As if her nervousness and hesitation had been answer enough, the man stooped and straightened out the blankets over the sleeping man. `If boss is very sick, I call Madame,' he said.

She saw him standing by the window, blocking the square of star-strewn, bough-crossed sky, waiting for her to go. `Madame will be sick too, if she does not sleep,' he said.

She went to her cupboard, where she took out her big coat. Before she left the roam, she said, in order to assert her authority: `You will call me if he wakes.'

She went instinctively to her refuge, the sofa, next door, where she spent so many of her waking hours, and sat helplessly, squeezed into one corner. She could not bear to think of the black man there all night, next door, so close to her, with nothing but the thin brick wall separating them.

After a while she pushed a cushion to the head of the sofa, and lay down, covering her feet with the coat. It was a close night, and the air in the little room hardly stirred. The dull flame in the hanging lamp burned low, making a little intimate glimmer of light that sent up broken arcs of light into the darkness under the roof, illuminating a slope of corrugated metal, and a beam. In the room itself there was only a small yellow circle on the table beneath. Everything else was dark, there were only vague elongated shapes. She turned her head slightly to see the curtains at the window; they hung quite still; and, listening intently, the tiny night noises from the bush outside sounded suddenly as loud as her own thudding heart. From the trees a few yards away a bird called once, and insects creaked. She heard the movement of branches, as if something heavy were pushing its way through them; and thought with fear of the low crouching trees all about. She had never become used to the bush, never felt at home in it.

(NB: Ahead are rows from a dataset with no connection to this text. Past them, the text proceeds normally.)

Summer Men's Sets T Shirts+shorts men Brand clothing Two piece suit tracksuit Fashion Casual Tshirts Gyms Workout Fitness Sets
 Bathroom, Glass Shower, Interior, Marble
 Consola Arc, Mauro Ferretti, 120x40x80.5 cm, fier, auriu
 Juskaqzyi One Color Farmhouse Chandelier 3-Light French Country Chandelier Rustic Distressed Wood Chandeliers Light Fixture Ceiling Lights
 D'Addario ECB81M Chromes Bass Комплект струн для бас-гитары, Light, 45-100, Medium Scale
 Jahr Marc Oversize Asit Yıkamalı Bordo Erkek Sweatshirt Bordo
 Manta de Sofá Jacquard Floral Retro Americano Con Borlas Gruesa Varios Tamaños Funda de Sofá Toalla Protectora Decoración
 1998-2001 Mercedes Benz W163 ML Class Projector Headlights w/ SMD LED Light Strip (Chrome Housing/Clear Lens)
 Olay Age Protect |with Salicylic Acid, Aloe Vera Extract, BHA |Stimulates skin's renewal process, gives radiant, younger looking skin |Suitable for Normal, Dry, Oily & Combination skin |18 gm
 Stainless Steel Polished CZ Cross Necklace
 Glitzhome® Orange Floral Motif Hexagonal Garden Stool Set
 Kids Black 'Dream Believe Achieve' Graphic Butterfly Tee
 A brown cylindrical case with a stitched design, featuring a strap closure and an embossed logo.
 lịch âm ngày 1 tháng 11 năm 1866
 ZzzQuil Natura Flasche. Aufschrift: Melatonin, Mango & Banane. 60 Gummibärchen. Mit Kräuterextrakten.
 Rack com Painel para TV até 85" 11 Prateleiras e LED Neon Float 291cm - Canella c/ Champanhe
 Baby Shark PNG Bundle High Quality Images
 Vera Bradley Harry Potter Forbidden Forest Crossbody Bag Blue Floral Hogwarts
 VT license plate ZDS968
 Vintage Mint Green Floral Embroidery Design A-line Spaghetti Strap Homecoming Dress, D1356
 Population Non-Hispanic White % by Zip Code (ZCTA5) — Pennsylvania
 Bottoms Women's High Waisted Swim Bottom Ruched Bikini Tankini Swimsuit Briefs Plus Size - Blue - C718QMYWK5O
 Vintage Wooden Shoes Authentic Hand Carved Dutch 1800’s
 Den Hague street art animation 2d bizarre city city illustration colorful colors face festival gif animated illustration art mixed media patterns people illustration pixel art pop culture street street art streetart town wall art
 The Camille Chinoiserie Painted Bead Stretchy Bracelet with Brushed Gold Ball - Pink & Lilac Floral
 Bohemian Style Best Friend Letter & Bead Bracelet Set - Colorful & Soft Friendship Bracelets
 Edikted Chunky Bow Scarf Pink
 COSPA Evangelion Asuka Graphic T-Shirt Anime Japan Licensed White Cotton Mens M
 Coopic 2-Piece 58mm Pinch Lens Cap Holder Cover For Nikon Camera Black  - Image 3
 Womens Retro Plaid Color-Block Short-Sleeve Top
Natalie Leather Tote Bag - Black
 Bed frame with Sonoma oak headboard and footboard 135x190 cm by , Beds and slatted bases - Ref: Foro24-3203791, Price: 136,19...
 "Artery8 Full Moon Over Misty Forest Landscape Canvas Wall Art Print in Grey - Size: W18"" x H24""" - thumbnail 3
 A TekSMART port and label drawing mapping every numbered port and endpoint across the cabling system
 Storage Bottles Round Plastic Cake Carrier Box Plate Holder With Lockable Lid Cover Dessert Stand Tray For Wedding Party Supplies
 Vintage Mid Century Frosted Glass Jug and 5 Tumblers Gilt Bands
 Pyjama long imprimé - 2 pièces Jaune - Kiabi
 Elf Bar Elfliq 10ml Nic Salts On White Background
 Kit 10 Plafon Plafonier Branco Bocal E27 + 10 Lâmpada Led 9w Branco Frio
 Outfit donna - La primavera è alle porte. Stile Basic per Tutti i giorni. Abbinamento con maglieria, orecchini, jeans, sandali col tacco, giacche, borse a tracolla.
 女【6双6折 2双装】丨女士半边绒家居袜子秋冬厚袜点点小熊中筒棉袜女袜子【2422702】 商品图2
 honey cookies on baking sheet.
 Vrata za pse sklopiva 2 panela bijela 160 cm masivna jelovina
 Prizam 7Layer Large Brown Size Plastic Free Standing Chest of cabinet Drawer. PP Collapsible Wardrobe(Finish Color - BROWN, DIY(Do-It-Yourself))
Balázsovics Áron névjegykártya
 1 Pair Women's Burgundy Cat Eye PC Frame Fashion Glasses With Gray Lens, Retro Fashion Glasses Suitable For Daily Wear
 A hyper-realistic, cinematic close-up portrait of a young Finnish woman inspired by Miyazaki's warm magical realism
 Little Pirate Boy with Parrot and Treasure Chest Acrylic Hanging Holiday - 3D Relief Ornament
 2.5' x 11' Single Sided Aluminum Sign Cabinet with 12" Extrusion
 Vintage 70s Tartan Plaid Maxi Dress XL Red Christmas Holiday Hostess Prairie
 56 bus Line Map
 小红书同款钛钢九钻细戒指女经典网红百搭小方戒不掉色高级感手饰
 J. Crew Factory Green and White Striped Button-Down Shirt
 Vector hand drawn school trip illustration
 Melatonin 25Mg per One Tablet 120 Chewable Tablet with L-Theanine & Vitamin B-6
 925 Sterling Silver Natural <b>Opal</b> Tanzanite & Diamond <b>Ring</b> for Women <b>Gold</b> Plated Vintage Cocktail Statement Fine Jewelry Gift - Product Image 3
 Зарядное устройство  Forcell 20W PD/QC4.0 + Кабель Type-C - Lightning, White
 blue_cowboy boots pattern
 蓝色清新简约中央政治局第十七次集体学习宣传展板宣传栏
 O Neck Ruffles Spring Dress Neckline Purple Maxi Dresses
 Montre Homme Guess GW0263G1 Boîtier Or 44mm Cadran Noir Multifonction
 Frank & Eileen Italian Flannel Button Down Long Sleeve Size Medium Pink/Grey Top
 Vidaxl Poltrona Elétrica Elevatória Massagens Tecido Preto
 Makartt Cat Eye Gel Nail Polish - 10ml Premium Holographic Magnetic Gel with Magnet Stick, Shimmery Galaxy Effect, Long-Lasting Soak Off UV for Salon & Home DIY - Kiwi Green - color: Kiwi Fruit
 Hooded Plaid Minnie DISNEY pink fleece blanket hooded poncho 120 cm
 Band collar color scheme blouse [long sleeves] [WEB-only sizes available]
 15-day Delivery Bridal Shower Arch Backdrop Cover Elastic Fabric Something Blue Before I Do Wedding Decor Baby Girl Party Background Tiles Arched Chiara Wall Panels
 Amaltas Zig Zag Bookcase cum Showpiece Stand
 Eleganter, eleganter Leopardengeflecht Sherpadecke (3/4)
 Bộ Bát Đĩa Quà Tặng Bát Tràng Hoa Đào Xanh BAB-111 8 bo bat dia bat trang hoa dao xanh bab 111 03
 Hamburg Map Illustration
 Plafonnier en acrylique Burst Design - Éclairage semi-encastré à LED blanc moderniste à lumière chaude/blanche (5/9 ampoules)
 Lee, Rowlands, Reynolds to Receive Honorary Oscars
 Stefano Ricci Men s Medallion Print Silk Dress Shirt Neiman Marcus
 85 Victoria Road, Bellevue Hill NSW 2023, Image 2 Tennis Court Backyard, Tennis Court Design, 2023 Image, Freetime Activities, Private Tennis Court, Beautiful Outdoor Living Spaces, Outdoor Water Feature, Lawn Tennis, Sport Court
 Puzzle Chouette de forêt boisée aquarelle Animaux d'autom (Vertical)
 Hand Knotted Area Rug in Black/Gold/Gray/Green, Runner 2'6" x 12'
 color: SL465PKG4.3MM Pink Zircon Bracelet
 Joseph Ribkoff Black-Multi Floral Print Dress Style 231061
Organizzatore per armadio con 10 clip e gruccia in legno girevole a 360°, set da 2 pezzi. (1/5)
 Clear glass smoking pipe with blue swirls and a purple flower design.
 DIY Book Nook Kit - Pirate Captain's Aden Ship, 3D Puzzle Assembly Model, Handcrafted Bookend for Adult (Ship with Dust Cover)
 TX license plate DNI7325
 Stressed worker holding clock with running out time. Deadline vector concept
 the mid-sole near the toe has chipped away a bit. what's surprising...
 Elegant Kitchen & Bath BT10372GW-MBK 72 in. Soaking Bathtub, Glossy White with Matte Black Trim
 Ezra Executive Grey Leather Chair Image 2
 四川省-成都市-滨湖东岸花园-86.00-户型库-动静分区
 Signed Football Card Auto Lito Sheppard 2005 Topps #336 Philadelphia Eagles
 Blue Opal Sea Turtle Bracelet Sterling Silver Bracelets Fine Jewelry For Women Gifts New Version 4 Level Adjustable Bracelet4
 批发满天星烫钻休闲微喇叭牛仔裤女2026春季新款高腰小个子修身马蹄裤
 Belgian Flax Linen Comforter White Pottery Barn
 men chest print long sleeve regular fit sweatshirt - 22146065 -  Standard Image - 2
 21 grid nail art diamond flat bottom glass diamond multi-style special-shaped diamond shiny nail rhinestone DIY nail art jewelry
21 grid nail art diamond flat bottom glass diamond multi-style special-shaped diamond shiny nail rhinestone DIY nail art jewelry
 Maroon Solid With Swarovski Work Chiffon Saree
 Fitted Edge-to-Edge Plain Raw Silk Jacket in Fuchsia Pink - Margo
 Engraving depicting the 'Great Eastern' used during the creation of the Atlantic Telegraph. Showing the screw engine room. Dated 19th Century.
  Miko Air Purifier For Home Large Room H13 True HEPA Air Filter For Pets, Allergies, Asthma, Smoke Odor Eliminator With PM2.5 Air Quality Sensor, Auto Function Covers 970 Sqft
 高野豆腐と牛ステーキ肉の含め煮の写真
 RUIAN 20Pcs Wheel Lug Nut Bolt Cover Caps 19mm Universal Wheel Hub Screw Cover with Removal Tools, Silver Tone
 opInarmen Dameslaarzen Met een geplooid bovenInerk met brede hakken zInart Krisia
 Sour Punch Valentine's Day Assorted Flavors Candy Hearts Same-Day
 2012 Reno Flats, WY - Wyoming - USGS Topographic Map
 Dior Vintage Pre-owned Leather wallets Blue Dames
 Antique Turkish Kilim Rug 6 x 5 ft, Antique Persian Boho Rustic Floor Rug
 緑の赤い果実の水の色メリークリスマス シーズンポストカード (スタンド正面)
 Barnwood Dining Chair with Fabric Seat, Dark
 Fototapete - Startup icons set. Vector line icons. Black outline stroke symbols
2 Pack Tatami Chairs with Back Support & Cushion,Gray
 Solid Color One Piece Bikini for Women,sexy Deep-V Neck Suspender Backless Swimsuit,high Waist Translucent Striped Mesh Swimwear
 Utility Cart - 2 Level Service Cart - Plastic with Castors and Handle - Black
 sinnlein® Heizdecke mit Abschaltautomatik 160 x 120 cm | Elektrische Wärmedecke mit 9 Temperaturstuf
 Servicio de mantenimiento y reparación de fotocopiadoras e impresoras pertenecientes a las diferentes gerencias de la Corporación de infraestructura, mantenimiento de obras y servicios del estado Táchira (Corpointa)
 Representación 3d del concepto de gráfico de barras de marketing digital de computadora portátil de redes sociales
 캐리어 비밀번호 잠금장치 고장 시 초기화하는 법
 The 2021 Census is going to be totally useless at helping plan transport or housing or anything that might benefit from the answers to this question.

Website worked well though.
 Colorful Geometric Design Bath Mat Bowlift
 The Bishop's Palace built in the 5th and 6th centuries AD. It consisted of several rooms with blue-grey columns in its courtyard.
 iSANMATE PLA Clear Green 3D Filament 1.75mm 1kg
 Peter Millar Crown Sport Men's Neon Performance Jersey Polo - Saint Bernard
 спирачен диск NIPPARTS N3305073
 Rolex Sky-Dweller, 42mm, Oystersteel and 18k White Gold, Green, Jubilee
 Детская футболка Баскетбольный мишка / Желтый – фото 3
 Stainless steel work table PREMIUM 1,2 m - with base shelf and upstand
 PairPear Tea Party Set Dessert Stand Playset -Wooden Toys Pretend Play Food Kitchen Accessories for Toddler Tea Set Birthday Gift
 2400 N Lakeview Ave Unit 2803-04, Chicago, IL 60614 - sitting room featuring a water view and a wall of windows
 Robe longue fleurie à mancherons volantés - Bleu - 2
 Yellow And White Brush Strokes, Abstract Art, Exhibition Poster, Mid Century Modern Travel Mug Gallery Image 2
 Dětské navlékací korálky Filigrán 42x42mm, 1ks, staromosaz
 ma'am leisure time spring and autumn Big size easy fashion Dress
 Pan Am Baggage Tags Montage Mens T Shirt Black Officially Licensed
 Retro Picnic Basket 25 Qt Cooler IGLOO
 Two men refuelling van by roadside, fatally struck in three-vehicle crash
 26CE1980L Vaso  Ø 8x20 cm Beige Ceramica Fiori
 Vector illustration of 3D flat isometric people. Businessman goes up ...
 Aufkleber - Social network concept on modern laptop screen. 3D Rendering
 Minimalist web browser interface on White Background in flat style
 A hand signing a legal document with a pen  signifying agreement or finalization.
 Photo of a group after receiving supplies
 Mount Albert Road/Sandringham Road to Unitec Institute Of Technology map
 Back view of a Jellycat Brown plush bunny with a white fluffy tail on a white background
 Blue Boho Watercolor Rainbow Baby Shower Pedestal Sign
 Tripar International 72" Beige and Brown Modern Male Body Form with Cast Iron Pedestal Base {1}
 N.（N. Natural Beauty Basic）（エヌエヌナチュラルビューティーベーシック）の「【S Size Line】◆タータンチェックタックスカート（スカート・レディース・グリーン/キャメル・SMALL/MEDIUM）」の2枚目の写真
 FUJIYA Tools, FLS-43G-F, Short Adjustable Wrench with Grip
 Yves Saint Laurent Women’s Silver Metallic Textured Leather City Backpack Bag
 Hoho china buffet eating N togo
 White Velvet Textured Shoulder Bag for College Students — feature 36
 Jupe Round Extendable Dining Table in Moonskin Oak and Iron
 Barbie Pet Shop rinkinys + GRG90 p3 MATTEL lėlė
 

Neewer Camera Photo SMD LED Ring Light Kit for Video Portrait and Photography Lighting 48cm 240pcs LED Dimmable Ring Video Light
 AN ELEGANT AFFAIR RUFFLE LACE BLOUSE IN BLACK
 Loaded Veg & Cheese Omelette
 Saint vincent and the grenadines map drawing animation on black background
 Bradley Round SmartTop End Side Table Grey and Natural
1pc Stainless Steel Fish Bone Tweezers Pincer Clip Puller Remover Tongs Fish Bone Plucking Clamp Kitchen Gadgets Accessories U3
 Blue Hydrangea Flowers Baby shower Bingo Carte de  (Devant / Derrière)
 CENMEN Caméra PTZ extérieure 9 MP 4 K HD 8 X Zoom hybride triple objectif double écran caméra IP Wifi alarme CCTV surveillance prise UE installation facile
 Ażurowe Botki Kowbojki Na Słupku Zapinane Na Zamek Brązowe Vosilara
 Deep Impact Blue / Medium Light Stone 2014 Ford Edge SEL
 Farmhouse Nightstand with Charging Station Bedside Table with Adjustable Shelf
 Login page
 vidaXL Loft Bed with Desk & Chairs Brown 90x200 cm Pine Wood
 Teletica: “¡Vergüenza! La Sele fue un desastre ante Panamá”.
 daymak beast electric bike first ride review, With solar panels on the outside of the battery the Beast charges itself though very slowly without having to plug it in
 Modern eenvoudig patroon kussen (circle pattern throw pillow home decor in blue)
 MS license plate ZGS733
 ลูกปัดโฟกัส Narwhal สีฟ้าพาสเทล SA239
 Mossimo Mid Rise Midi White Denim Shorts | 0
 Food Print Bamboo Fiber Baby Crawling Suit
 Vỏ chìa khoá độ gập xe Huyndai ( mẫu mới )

Still, after all this time, she felt a stirring of alarm when she realized the strangeness of the encircling veld where little animals moved, and unfamiliar birds talked. Often in the night she woke and thought of the small brick house, like a frail shell that might crush inwards under the presence of the hostile bush. Often she thought how, if they left this place, one wet fermenting season would swallow the small cleared space, and send the young trees thrusting up from the floor, pushing aside brick and cement, so that in a few months there would be nothing left but heaps of rubble about the trunks of trees.

She lay tense on the sofa, every sense alert, her mind quivering like a small hunted animal turned to. face its pursuers. She ached all over with the strain: She listened to the night outside; to her own heart, and for sounds from the room next door. She heard the dry sound of horny feet moving over thin matting, a clink of glasses being moved, a low mutter from the sick man. Then she heard the feet move close, and a sliding movement as the native settled himself down on the sack between the cupboards. He was there, just through the thin wall, so close that if it had not been there his back would have been six inches from her face! Vividly she pictured the broad muscular back, and shuddered. So clear was her vision of the native that she imagined she smelled the hot acrid scent of native bodies. She could smell it, lying there in the dark. She turned her head over, and buried her face in a cushion.